破裂からの強酸性の液体を受けた俺の左目は、満月の明かりも味方の『属性付与』の炎の輝きも、何一つ映していなかった。
……たしかに、冷静に考えれば当然の結果か。
だが、薄かったとはいえ強力な闇のオーラは纏っていた。
またピケの付き人のスメイアさんに、【回復魔法】をすぐに使ってもらったのだ。
にもかかわらず最悪の結果に、まさか“失明”してしまうとは……。
「おいベル、どしたっ!? 何かやべーのか!」
「……はい。ちょっと左目を……潰されたみたいです」
「何っ!?」
もう左目が完全に利かないので、右目が前になるサウスポースタイルに構えた俺は、
槍状触手を避けていたピケにそう報告すると、ピケは驚いてこっちまで下がってきた。
「……マジかよ。酷ぇー火傷痕だな。

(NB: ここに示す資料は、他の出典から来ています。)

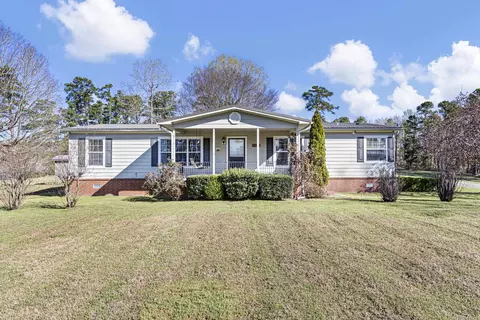 25951 E State Highway 22 Hwy, Delaware, AR 72835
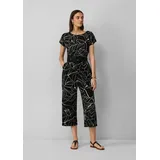 s.Oliver Overall - schwarz - 44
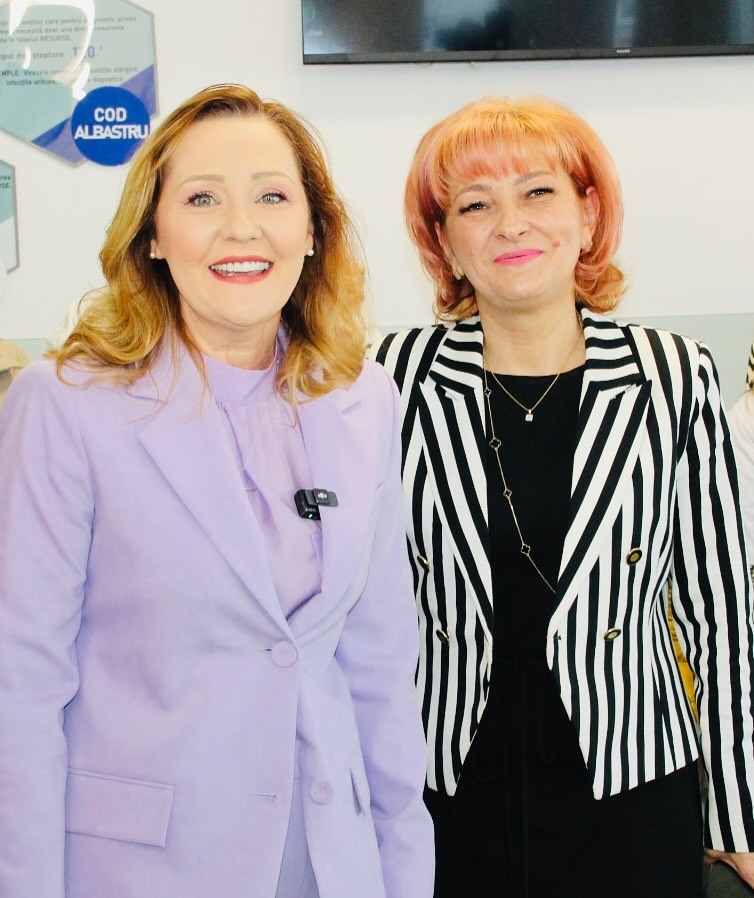 Primul RMN al Spitalului Municipal Câmpulung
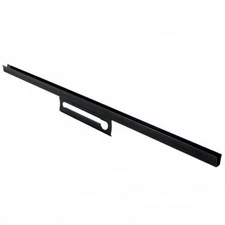 United Pacific B21114 Door Window Glass Run Channel Passenger Side, L for Ford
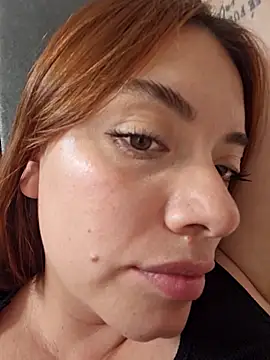 Snapshot of valery_mora chatting on September 16, 8:06 pm valery mora online show from September 16, 8:06 pm
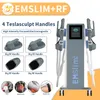 Bantmaskin Emslim Em Slim Electro Magnetic Muscle Stimulation Burns Fat Muscle Burn Fat Hiems612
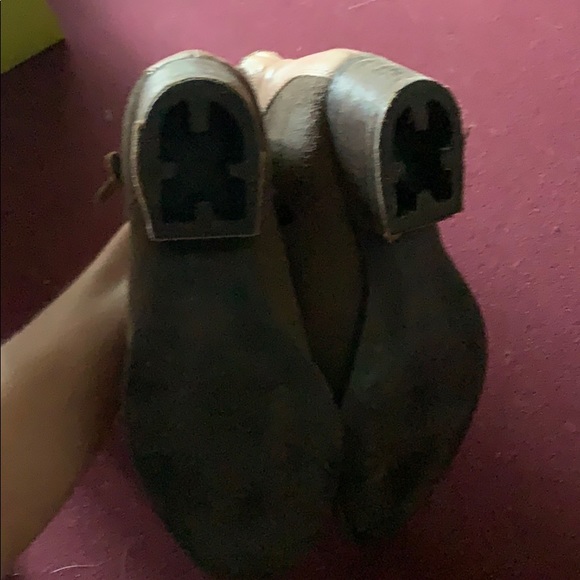 Booties - Picture 3 of 3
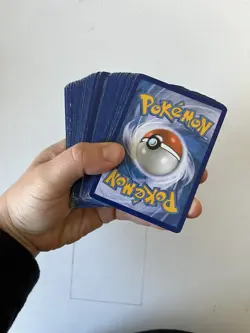 Lot Of 50 Pokemon Cards (used condition) - Image 4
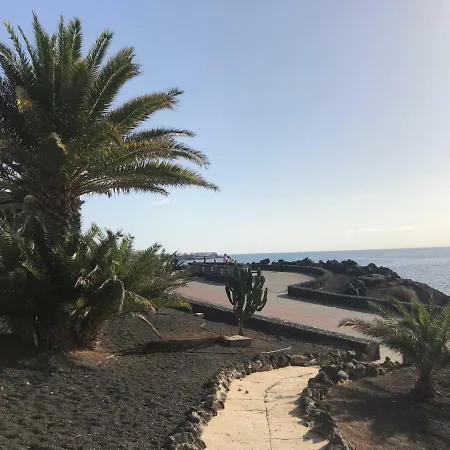 Bungalow Yoaa Apartamento Costa Teguise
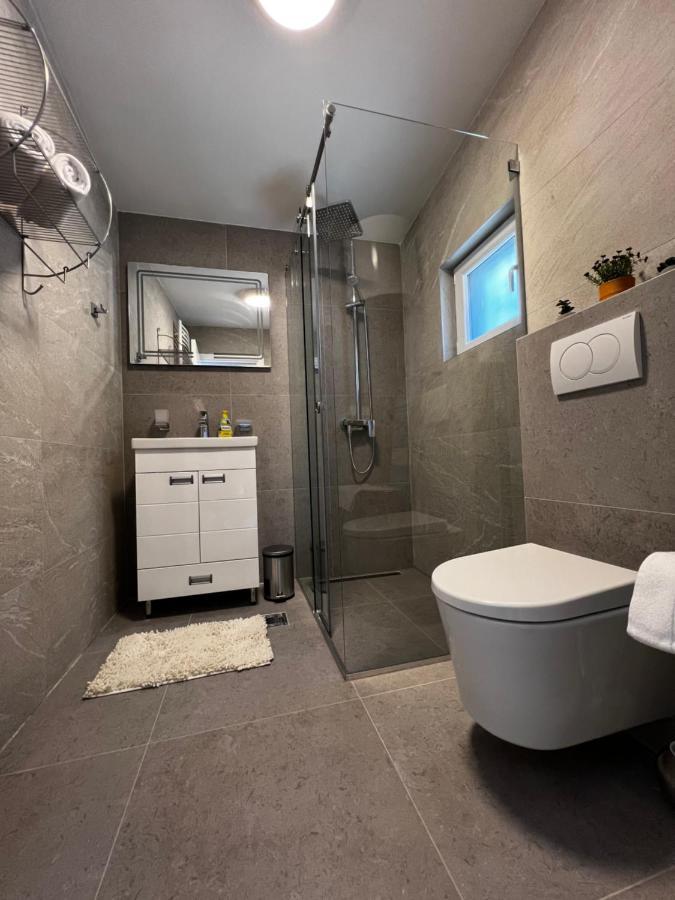Ortak Apartment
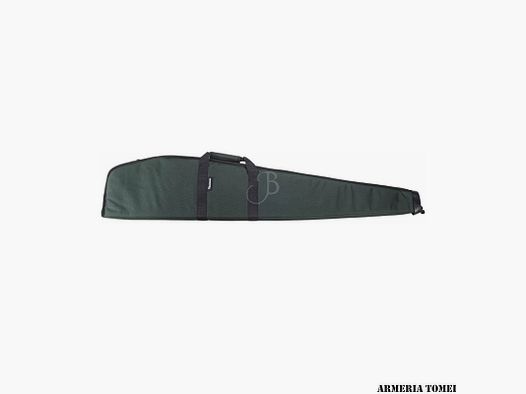 39HUNTER – BASIC RIFLE CASE 118 cm GREEN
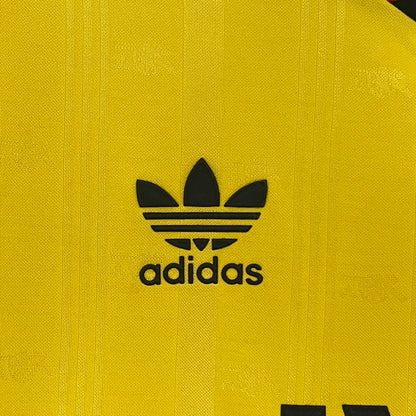 Arsenal away jersey. Season 86/87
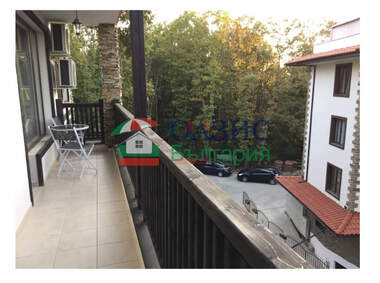For sale - Apartment in Primorsko,  Burgas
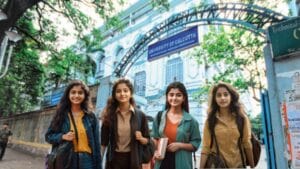 CU Admission Process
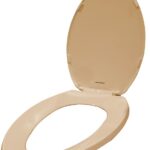 ASIENTO INODORO PLAST.ELONG. CANDLELYGHT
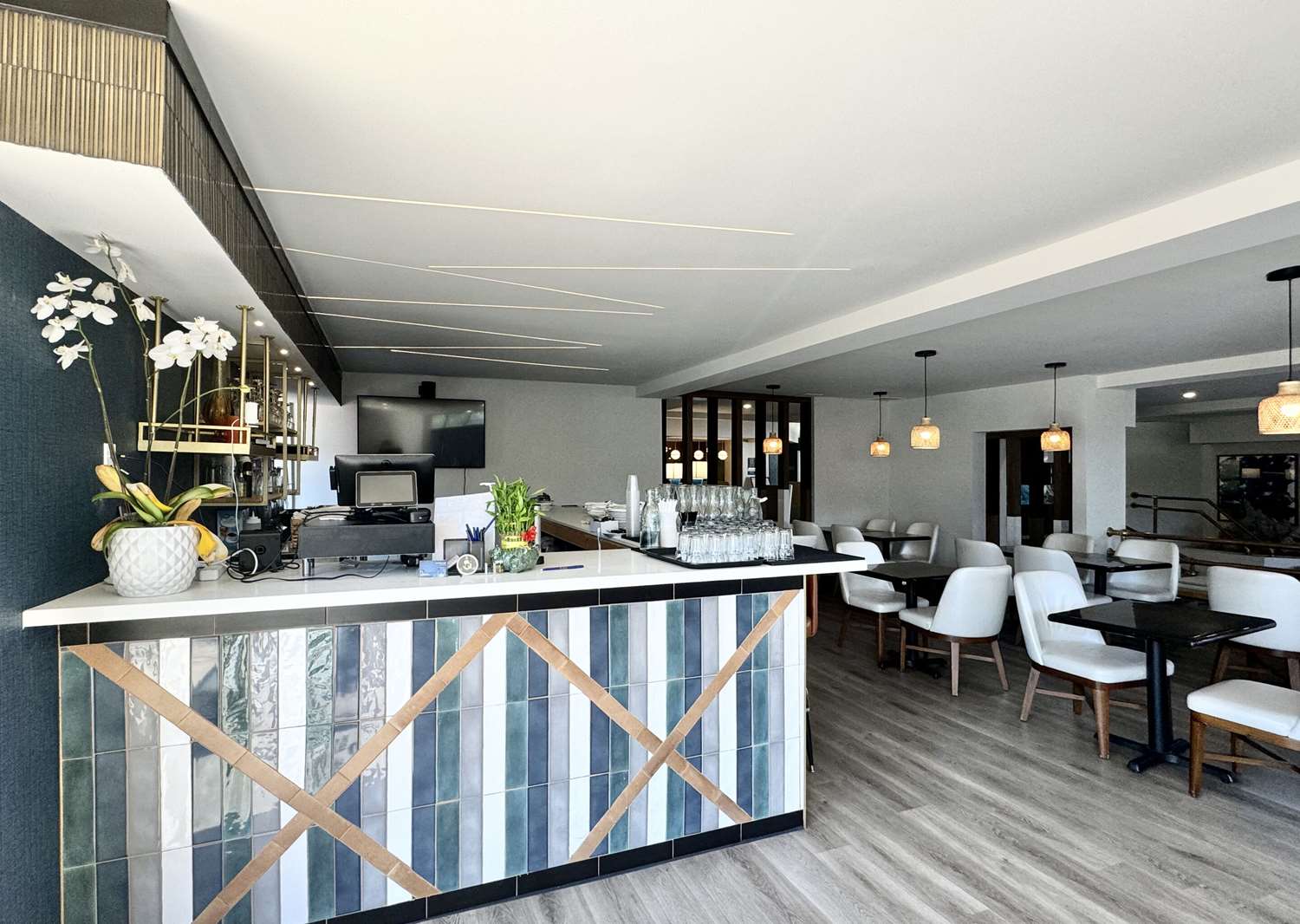 Фото Quality Inn & Suites Irvine Spectrum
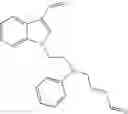 Fig. 65 - Indolinone combinatorial libraries and related products and methods for the treatment of disease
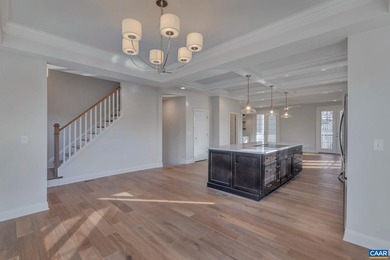 Beautiful End Unit Townhome located close to The Old Trail Golf on Old Trail Golf Club in Virginia - for sale on GolfHomes.com, golf home, golf lot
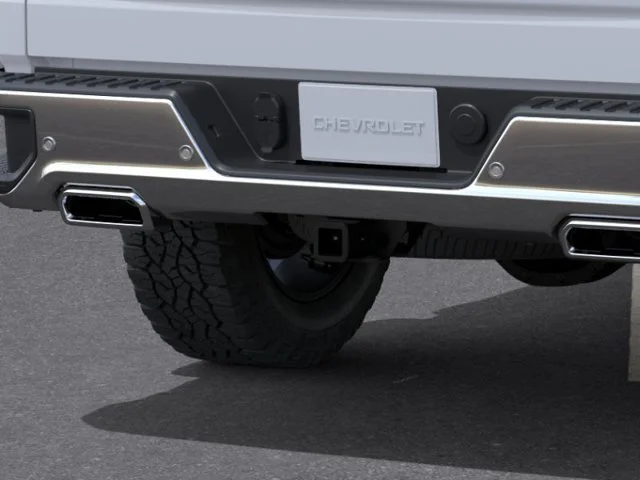 2026 Chevrolet Silverado 1500 LTZ - Photo 14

こりゃーちっと……」
ゴウゴウと燃える炎を纏った腕で照らし、ピケが俺の顔の状態を確認する。
いつもなら気楽でのん気そうな褐色の顔だが……。
今の俺の残された右目には、明らかに深刻そうな表情に映っていた。
「まったく見えねーのか? 明かりくらいは感じるだろ?」
「いえ、まったくです。自分の闇のオーラで“目隠し”してるのかってレベルで真っ暗ですね」
「……。そうか」
森の深くて不気味な闇夜の中、そう重たい会話をしながら。
ビュオン! と貫通力の上がった槍状触手を回避。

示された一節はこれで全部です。